Getting to a better place financially could involve earning more, but without a career change many people who work for wages don’t have much headroom. In any case, I can’t tell you how to earn more, but I can tell you how to save and spend wisely.

And saving money is crucial, because savings are a financial buffer that could cover an unexpected car repair — or holiday spending — without taking on debt. Both of those types of spending regularly cause more than a third of people in the U.S. to take on debt, studies have repeatedly shown.

Getting to a financial happy place with good credit, cash in the bank and no high-interest debt can require ongoing attention and effort, as well as some trade-offs.
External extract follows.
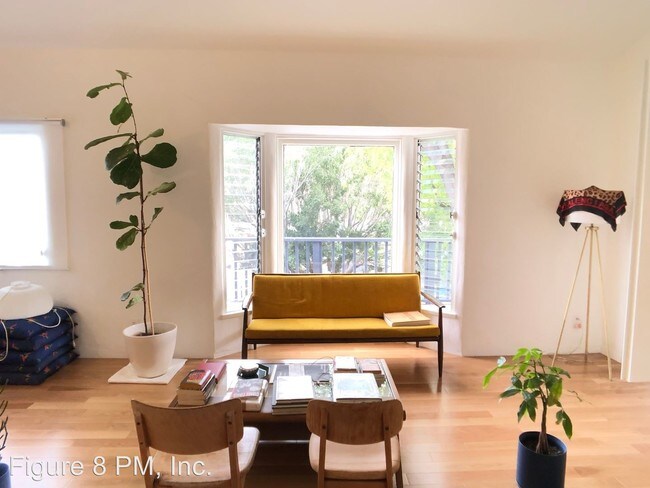 Building Photo - 2 br, 1 bath Apartment - 1947 Hyperion Ave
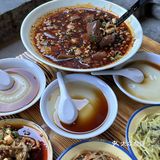 果然重庆物价是感人的！人均20的肥肠血旺吃到爽！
For example, I didn’t buy my first new car until I was 38, a Honda Civic, but I haven’t carried an interest-bearing credit card balance in decades.

Here are my top financial resolutions for the new year:

For everyone: Review all the bills you pay for on a regular basis, such as internet service, monthly subscriptions, personal care services, insurance, loans and even electricity. This will give a better picture of your spending, then you can trim things that you decide are unnecessary or too costly and look for savings in the ones you keep.

Shop that insurance around, for example. Stop paying for streaming services you don’t watch. Make your lunch. Weigh time-vs.-money decisions carefully, such as paying to have meals or groceries delivered. And treat savings account deposits as a regular expense that must be paid.

Review your bank and credit card accounts and compare the terms with rivals. There’s a good chance you can get a better deal, and potentially a new-customer bonus. If you pay monthly fees for basic banking, switch. If you pay an annual credit card fee, it might be time for a new one. But if you have a no-fee credit card you like, don’t cancel it because length of credit helps your credit score.

For homeowners: Utilities, necessary improvements and insurance are usually the largest expenses a homeowner would face beyond paying the mortage. Savings are possible with all three.

The key to a lower electric bill is, of course, to use less power. Upgrading insulation is the most cost-effective way to reduce a home’s use, along with paying attention to the thermostat — get a programmable one if you don’t have one — and minding energy “vampires” like large TVs that run up energy bills when they aren’t being used. Check your utility’s website, because Duke Energy, Dominion Energy and others offer free home energy audits and discounts.

Necessary home improvements, such as replacing a roof or a failing heating and air-conditioning system, can be very costly. So it’s important to know that South Carolina could contribute up to $7,500 toward a roof replacement in hurricane-prone counties (SC Safe Home), and utilities regularly offer rebates and savings on HVAC systems, insulation, and other things. That’s particularly important in 2026, because federal tax credits for home energy efficiency that were expected to last through 2032 were ended in 2025.

Home insurance, including hurricane and flood policies, are expensive and short of reducing coverage it’s hard to save on those due to a lack of competition. The good news is, if insuring your primary home costs more than 5 percent of your annual income there’s a state tax credit for that. It’s called the Excess Insurance Premium Credit, and some readers have told me their accountants didn’t know about it — but now you do.

For 60-plus SC residents: Don’t miss out on age-related discounts and tax breaks in South Carolina, including, the Homestead Exemption. It exempts $50,000 of the value of one’s legal residence from property taxes. Apply the year after turning 65. People with certain disabilities also qualify. Apply through your county auditor’s office.

In Charleston, those receiving the Homestead Exemption are also excused from the city’s $132 annual stormwater fee, upon request. (call 843-724-7311 or email CityofChasSWFee@charleston-sc.gov.)

Also in the Charleston area, residents 60 and older can get substantial discounts on Uber or Lyft rides, worth up to $14 for as many as four rides per week. Apply online at ridecarta.com/services/ondemand/.

There are many more examples, from discounted hunting licenses and driver license renewals to stores with regular “senior discount” days and reduced rates for services such as wireless phone plans.